How to Get a $20,000 Personal Loan
If you need to borrow a sizable amount of money – such as $20,000 or more – a personal loan may be your best option. Personal loans allow you to borrow money for just about any purpose, and perhaps borrow more than you could with a credit card. Plus, the interest rates are fixed, and often much lower than credit cards, payday loans and other expensive forms of financing – especially if you have good credit.
So if you’re in need of a $20,000 personal loan, try following these steps to get approved for the full amount.
1. Check Your Credit Score.
Your first step when attempting to get a personal loan should be to check your credit score.
Lenders take into account your credit history and credit score to decide whether you are a good candidate for a loan.

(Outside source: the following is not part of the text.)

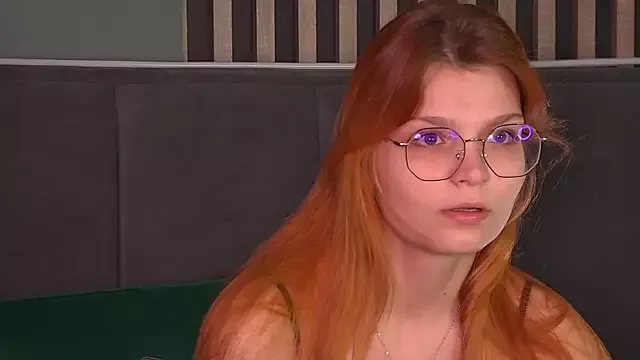 Offline BellaMarebelle on StripChat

Credit score requirements vary by lender, but generally, you need a score of at least 640 to get approved. However, when applying for a larger amount of $20,000 and up, you may need a higher score. A score of around 670 or more will increase your chances of being approved for a larger loan amount at the lowest rates available.
If your credit score is not high enough, consider taking some time to improve it before applying for the loan. Many banks and credit card issuers allow customers to see their FICO scores for free, either on their statements or via their online banking portal.

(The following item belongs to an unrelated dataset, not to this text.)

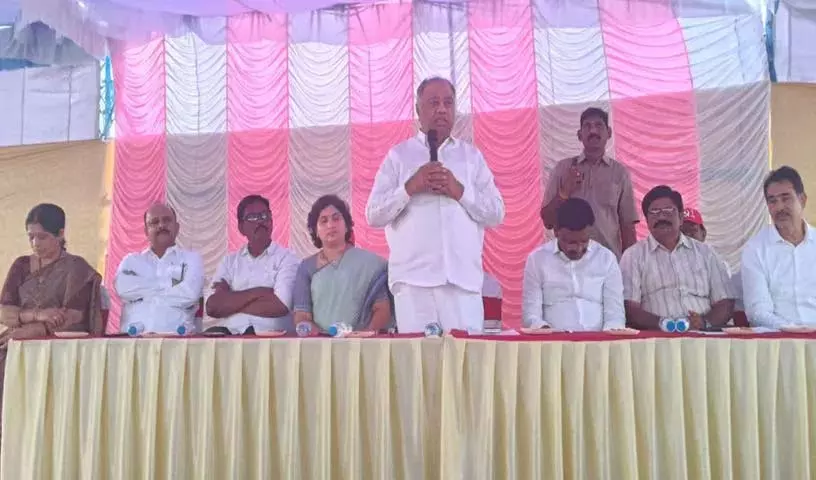 नेताओं का कहना है कि BRS-CPM गठबंधन येदुलापुरम चुनाव जीत सकता नेताओं का कहना है कि BRS-CPM गठबंधन येदुलापुरम चुनाव जीत सकता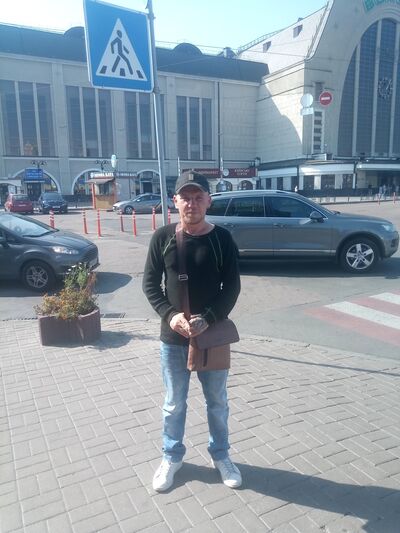  ,   Leon, 38 ,     , c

2. Evaluate Your Borrowing Needs.
It’s also important to consider whether $20,000 is the right amount to borrow for your financing needs. Borrowing too much means making higher payments and spending more on interest than necessary. On the other hand, borrowing too little could leave you looking for additional financing.

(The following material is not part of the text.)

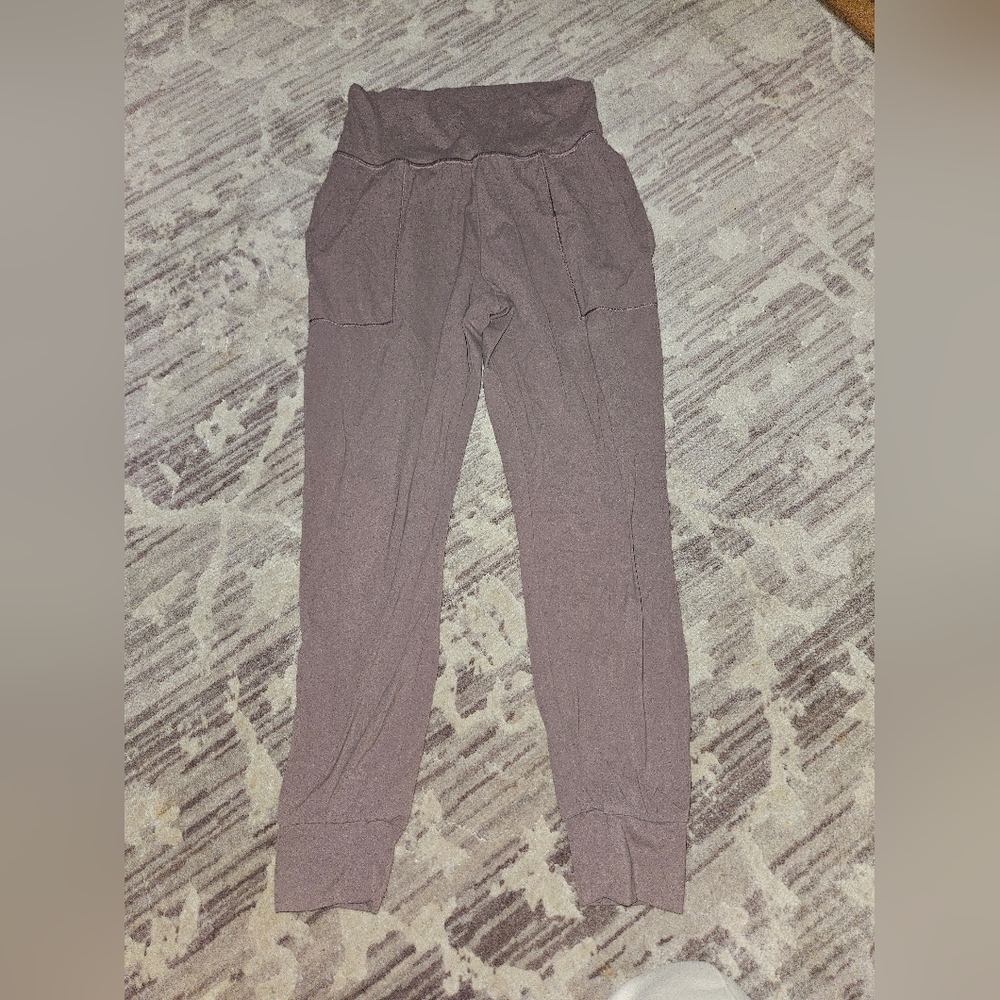 Athleta Mauve Salutation Joggers Small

Once you confirm the amount you need, be sure that the potential payments will fit your budget, says Todd Nelson, senior vice president of strategic partnerships at LightStream. For example, a $20,000 loan with a 10% annual percentage rate, or APR, and five-year repayment term would cost you about $425 a month. You would also pay $5,497 in interest over the life of the loan.
If you altered the terms of the loan to 12% APR and a three-year repayment term, your monthly payments would jump to about $664, but you’d pay a total of $3,914 in interest.
As you can see, it’s important to play around with the numbers and decide what loan terms work best for your financial situation and goals.
“If the lender you’re researching has a loan calculator, be sure to check out the variables that impact your costs,” Nelson says. “For example, choosing a shorter repayment term can often save money in the long run.”
3. Shop Around For the Best Deal.
After you get an idea of what type loan you’re looking for, you can begin comparing quotes from banks, credit unions and online lenders.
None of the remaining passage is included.